Traditional D&D equipment focuses on adding magical enhancement and utility to fighters. Spellcasters have less to gain, since they have that power out of the box, but they could always grab some stat boosters and defense items. 5e wiseley throttled back on stat boosters and defense items, but this left little for items to offer to spellcasters. Then came system 7 and 8, which ensures every character has powers of some sort, and thus equipment is in a tough place.

But this is nothing new to RPGs, just D&D. In MMOs, players chase items with little to no utility or flavor, simply because they have higher stats. While I think we can do better, it does offer a simple paradigm: items enhance players across the board, rather than offering specific utility. This is the approach I take with equipment in System 8. There are some items that offer utility, but they are the exception rather than the rule, and focus on secondary utility, since anything a PC really wants to do, they'll have a power for.

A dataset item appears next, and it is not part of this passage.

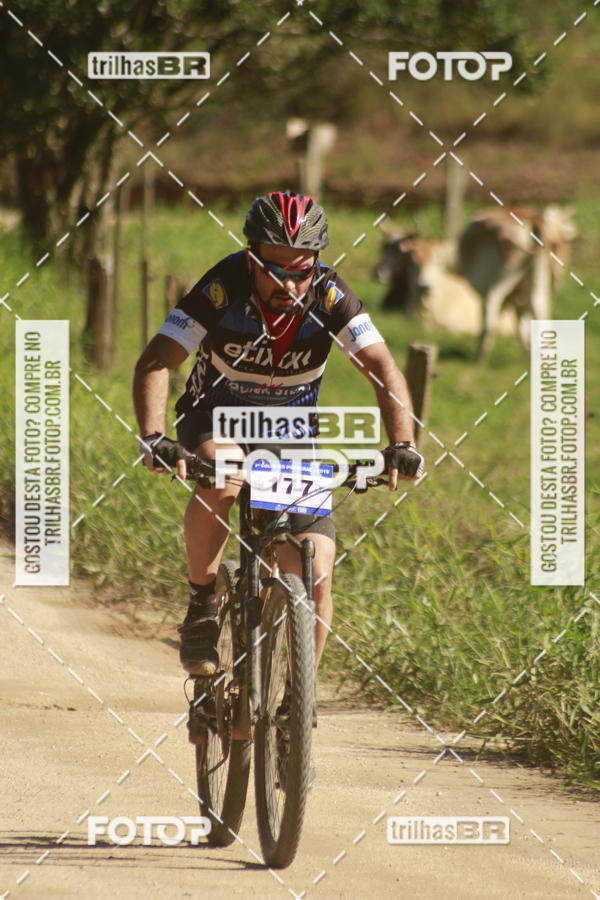 Buy your photos of the event7 VOLTA DO PINHEIRAL on Fotop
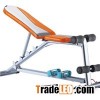 Gym Weight Benches Adjustable Dumbbell Bench Factory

But which types of items will offer what enhancements?

What, in mechanical terms, are crafting skills? System 8 doesn't have traditional skills, but it does have skill feats, and those are appropriate for many aspects of crafting. But consider alchemy: you have a feat that lets you craft several potions per day. One of those might be natural armor, another fire resistance, a third slowfall. Okay...each of those is a feat by itself. So instead of being balanced against these feats, it would be a single feat that lets you select boons equivalent to other feats, multiple times per day, and give them to someone else. That's just not balanced for a feat.

Now, a power? Now we're talking. They're much more rare, and there's the benefit that pure fighters are always hard up on power options that don't break the "pure fighter" fantasy. If Blacksmithing were a power, we could justify it having very major benefits. Perhaps the Blacksmith gains a free weapon or armor piece that is significantly powerful.